Silencio absoluto.

Cuántas cosas se pueden hacer cuando se encuentra en esa situación o en ese estado. Porque puede ser el silencio absoluto de la casa por la noche, cuando todos duermen; de un barrio cuando ya dejaron de pasar los autos; de una clínica o un hospital, y cuando digo esto no solo se me viene a la mente la enfermera con el índice en los labios del cartel de entrada, sino el del pasillo cuando no es horario de visitas, el de un consultorio después de dar una mala noticia o cuando se espera a alguien que está en una cirugía. Si pienso en silencio puedo ver también una Iglesia cuando no hay misa, los colegios en vacaciones o las galería durante las horas de clase cuando las aulas están cerradas; el de un aula durante una evaluación; una biblioteca llena de gente leyendo, o un baño, sala de estar o dormitorio donde haya alguien que lee. También, cualquier lugar donde dos personas hayan acabado de discutir o en la relajación que se presenta inmediatamente después del clímax alcanzado en un orgasmo. El silencio de una sala velatoria, de una casa cerrada, de un negocio vacío…

Todos lugares y situaciones donde debemos hacer silencio o por la soledad que envuelve al sitio o porque las palabras sobran.

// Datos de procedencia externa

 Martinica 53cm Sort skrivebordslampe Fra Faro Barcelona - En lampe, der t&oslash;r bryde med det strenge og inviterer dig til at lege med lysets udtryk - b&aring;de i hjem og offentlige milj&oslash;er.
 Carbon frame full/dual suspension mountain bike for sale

Sin embargo, está el silencio interno, ese que se produce cuando estamos rodeados de gente que habla, música, vehículos o pajaritos cantando, pero que no nos interrumpen, porque estamos nosotros solos en nuestro pequeño mundo.

Siempre pienso cuán valioso es nuestro pequeño mundo, porque ahí, podemos ser y hacer lo que queremos, lo único que hace falta es estar en silencio con nosotros mismos.

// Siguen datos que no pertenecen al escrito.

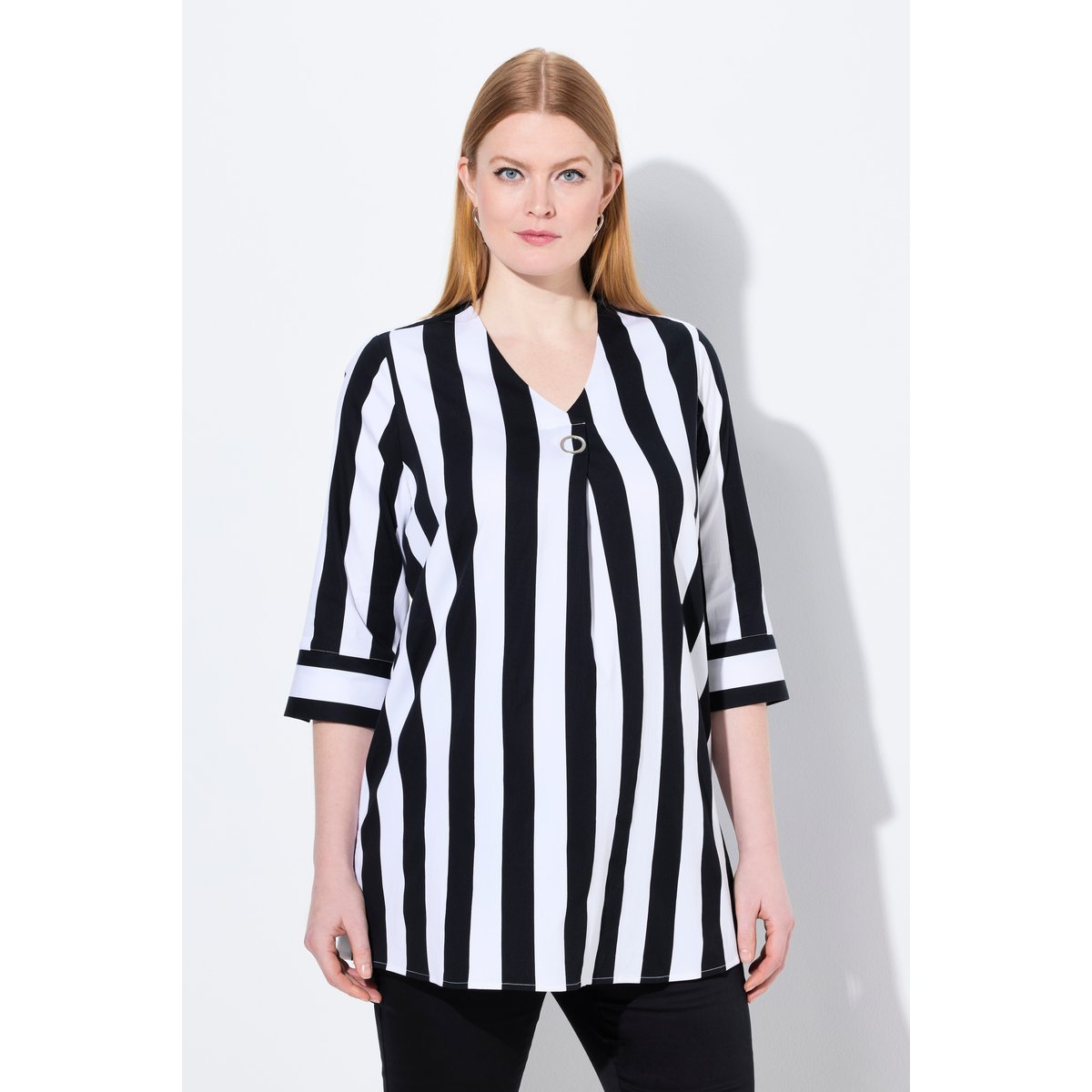 Blouse à rayures verticales. Col noir, ULLA POPKEN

Estando hoy en el colectivo, en mi silencio interno, pensaba en todo lo que me falta, en todo lo que no tengo, en lo que haría si fuera más alta, más flaca y con ojos claros; en que mi pueblo está sucio y mi casa podría ser más linda si tuviera más plata y muchas cosas más.

En ese momento, alguien se ubicó al lado mío, un chico en silla de ruedas, que charlando con una vieja amiga que se encontró en el colectivo, contó, sin saber que me estaba dando una lección de vida, que se iba a entrenar, porque si ganaba el próximo partido con sus compañeros, quedarían primeros en la liga nacional de básquet. Luego dijo también, que sigue tocando la guitarra todos los días porque es algo que le llena el alma.

Y ahí pensé en lo desagradecidos, pesimistas y avaros que podemos llegar a ser. Me di cuenta en ese momento, que había desperdiciado veinte minutos de silencio absoluto, donde no hacía falta que me sienta agradecida todo el tiempo sino que podría haberlos aprovechado para pensar en mi familia, que es hermosa; mis amigos, que están siempre presentes; mi perro, que lo amo; contemplar el paisaje; disfrutar de los pajaritos o inventar una linda historia, que es lo que más me gusta hacer cuando estoy metida en mis pensamientos.

En mi entrada anterior, Julieta, describí a una persona maravillosa que conozco y pensaba en lo bueno que sería darles más importancia a estos seres luminosos. Sin pensarlo, sin saberlo, sin conocerlo, Dios puso hoy en mi camino a otro ser de luz. Es probable que nunca lo vuelva a ver, pero qué magnífica tiene que ser una persona para pasar cinco minutos por tu vida y embellecerla.

Todo esto me llevó a darme cuenta de que uno no solo pierde sus pequeños momentos de silencio absoluto con esta actitud, uno de a poquito pierde la vida, sin mirar todo lo bueno, lo lindo y lo grande que se nos ha regalado cuando vinimos a este mundo.